#### Entries shown
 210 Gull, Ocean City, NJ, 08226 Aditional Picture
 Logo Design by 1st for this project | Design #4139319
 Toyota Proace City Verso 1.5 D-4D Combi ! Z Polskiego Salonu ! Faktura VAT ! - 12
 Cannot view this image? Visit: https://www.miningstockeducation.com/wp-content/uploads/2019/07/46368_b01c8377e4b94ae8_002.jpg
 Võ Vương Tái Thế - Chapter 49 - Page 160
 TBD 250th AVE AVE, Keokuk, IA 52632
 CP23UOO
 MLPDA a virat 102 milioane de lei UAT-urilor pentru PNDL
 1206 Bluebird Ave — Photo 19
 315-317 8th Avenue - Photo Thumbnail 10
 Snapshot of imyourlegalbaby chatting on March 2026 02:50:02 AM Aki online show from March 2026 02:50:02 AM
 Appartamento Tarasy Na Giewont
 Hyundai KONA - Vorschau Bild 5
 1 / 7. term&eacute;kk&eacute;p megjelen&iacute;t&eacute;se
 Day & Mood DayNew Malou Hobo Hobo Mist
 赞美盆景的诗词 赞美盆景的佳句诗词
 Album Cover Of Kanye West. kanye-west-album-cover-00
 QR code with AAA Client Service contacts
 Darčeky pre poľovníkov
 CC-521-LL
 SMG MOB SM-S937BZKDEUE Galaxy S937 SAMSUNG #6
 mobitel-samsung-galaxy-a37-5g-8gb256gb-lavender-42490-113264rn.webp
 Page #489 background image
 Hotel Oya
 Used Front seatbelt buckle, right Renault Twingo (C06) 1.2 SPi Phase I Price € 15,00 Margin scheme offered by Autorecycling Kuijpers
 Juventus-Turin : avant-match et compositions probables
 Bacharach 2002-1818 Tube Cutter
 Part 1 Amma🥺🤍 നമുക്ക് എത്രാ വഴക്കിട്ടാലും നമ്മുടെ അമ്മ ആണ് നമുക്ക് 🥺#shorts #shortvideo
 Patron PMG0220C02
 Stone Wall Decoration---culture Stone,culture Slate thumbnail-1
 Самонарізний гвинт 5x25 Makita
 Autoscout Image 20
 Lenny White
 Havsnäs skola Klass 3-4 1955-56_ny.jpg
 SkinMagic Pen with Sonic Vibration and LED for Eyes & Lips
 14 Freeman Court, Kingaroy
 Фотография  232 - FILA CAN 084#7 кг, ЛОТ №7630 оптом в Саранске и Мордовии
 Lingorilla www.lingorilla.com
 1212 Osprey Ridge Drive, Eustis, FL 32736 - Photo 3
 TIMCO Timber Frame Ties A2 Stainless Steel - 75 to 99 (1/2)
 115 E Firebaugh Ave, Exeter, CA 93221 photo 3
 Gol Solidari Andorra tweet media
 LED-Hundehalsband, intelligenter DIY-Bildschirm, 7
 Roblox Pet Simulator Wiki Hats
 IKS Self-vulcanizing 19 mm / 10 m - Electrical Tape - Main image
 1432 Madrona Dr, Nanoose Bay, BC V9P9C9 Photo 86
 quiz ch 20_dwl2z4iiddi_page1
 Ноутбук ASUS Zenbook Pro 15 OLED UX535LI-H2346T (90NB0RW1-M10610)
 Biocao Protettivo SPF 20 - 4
########
Exercise aim:
Transcribe the records above from the line holding "QR code with AAA Client Service contacts" down to the line holding "Bacharach 2002-1818 Tube Cutter", inclusive, without adding anything.

Response to this task:
 QR code with AAA Client Service contacts
 Darčeky pre poľovníkov
 CC-521-LL
 SMG MOB SM-S937BZKDEUE Galaxy S937 SAMSUNG #6
 mobitel-samsung-galaxy-a37-5g-8gb256gb-lavender-42490-113264rn.webp
 Page #489 background image
 Hotel Oya
 Used Front seatbelt buckle, right Renault Twingo (C06) 1.2 SPi Phase I Price € 15,00 Margin scheme offered by Autorecycling Kuijpers
 Juventus-Turin : avant-match et compositions probables
 Bacharach 2002-1818 Tube Cutter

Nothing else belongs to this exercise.